Doch diese Formel greift an einem entscheidenden Punkt zu kurz: Sie beantwortet nicht das zentrale Rätsel – warum ist die Revolution gescheitert, das heißt, warum ist es der neuen Rechten und nicht der Linken gelungen, die Wut und den Zorn vieler sogenannter „einfacher Menschen“ für sich zu gewinnen? In letzter Zeit ist es recht populär geworden, der Theorie (der Philosophie) die Schuld zu geben – sie habe es nicht geschafft, der ausgebeuteten Mehrheit ein tragfähiges politisches Programm zu bieten, das in der Lage wäre, das Volk zu mobilisieren.

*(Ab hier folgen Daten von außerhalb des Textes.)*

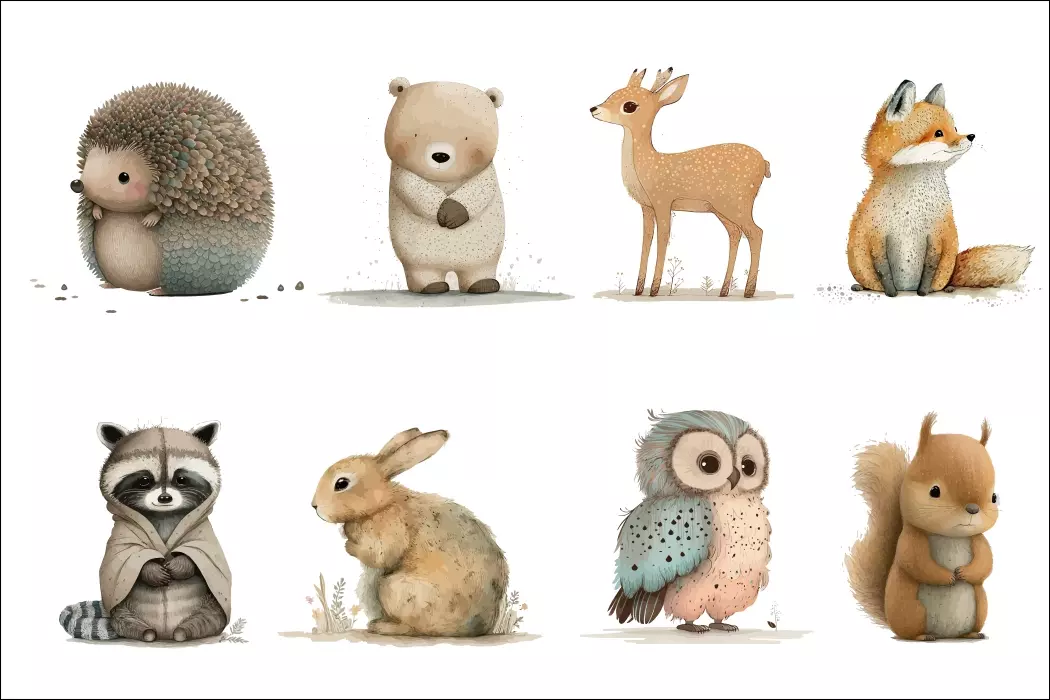 دانلود وکتور طراحی حیوانات کارتونی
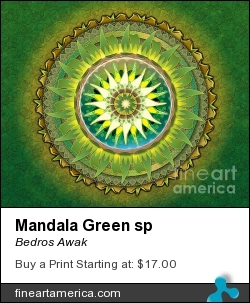 Mandala Green Sp by Bedros Awak - Digital Art - Digital Art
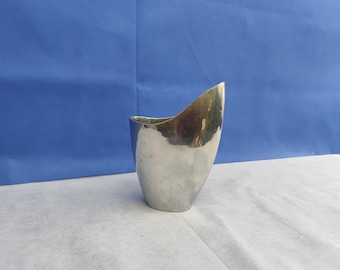 Small Vintage Anna Efverlund Aluminium Cast Vase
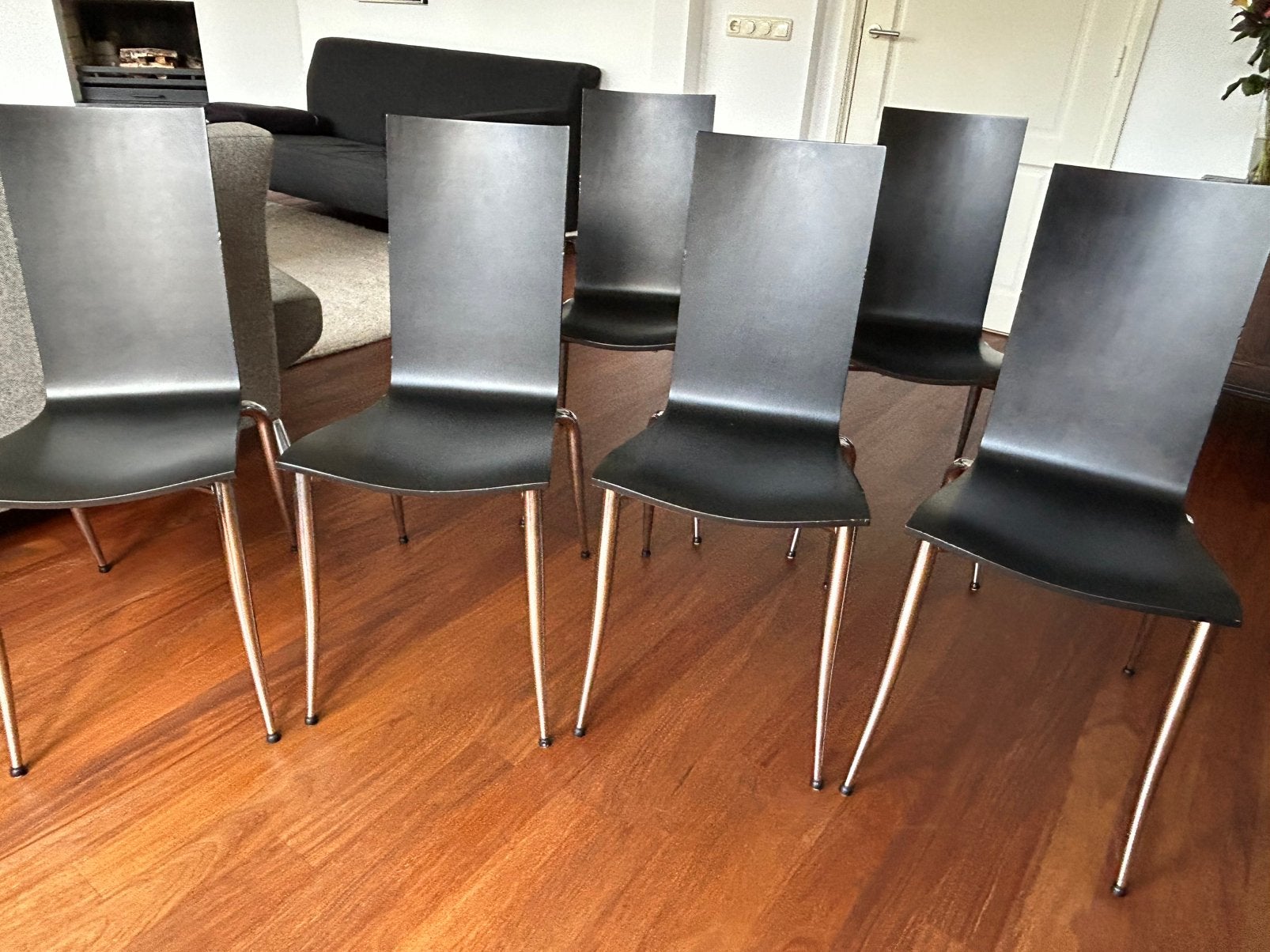 6 Philippe Starck Olly Tango eetkamerstoelen, Huis en Inrichting, Ophalen, Overige kleuren, Zo goed als nieuw, Vijf, Zes of meer stoelen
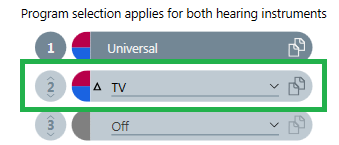 It is possible to stream from a TV without using the myControl app. In this case, the clinician needs to create a separate TV program. To stream from TV, all the wearer needs to do is switch to this program to begin streaming.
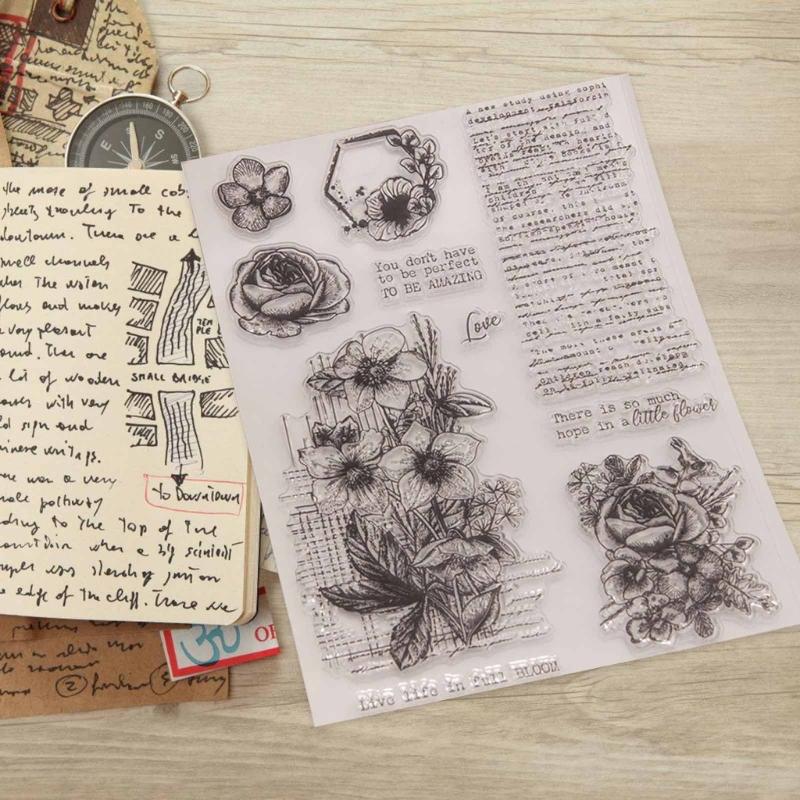 Flower Clear Stamps Words Background Silicone Stamps Transparent Stamps Seal for Scrapbooking Card Making Decoration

Otto Paans (in seiner ansonsten sehr scharfsinnigen Analyse): Man kann nicht erwarten, dass Akademiker, die innerhalb eines ideologischen Rahmens arbeiten und sich dabei weitgehend vorgegebenen Forschungsthemen widmen – etwa Multikulturalismus, aufgeklärtem Light-Atheismus und vereinfachtem Egalitarismus –, tragfähige politische Alternativen zu den gegenwärtigen gesellschaftlichen Anforderungen entwickeln. Kein Wunder, dass die aufgeklärten Light-Linksliberalen, und insbesondere professionelle akademische Philosophen, von Trumps Wahlsieg völlig überrumpelt wurden: Einen Rückfall in eine neo-faschistische Diktatur hatten sie nicht einmal ansatzweise in Betracht gezogen. [...] Die professionelle akademische Philosophie hat die moralische Pflicht, eine radikale Kursänderung vorzunehmen, denn das Fehlen einer echten, ernsthaften Philosophie reduziert die Chancen auf wirklichen politischen Wandel oder Widerstand gegen intellektuelle Diktatur – sei es in ihrer politisch korrekten oder ihrer neo-faschistischen Ausprägung – praktisch auf null.
Die Linke in der Wiederholungsschleife: Radikal fordern, aber nichts sagen?Einfach und überzeugend – aber ist Paans’ Forderung nicht ein dauerhaftes Motiv (von dem, was von der heutigen radikalen Linken übrig geblieben ist)? Paans beruft sich auf Adorno und Horkheimer als große Autoritäten – aber haben sie selbst eine konsequentere Antwort gegeben? In einem seiner späten kurzen Texte gibt Adorno eine klare Antwort auf die Frage: „Was sollen wir heute tun?“ – nämlich: „Ich weiß es nicht.“ Und ist es mit Paans’ eigenem Text nicht genau dasselbe? Er besteht darauf, dass die „professionelle akademische Philosophie“ ein konkretes Programm vorlegen solle, ohne auch nur annähernd zu sagen, wie dieses Programm aussehen könnte. Letztlich bleiben nur zwei Optionen: der „realistische“ Pragmatismus der linksliberalen Dritte-Weg-Politik und – aus Kreisen, die mit der Dritten Welt verbunden sind – eine Rehabilitierung des „real existierenden Sozialismus“ (bis hin zu einer neuen, positiveren Bewertung nicht nur von Mao, sondern auch von Stalin). In dieser Sichtweise bestand die Erbsünde des westlichen Marxismus darin, dass er den Kontakt zu den revolutionären Bewegungen außerhalb der entwickelten kapitalistischen Länder verlor.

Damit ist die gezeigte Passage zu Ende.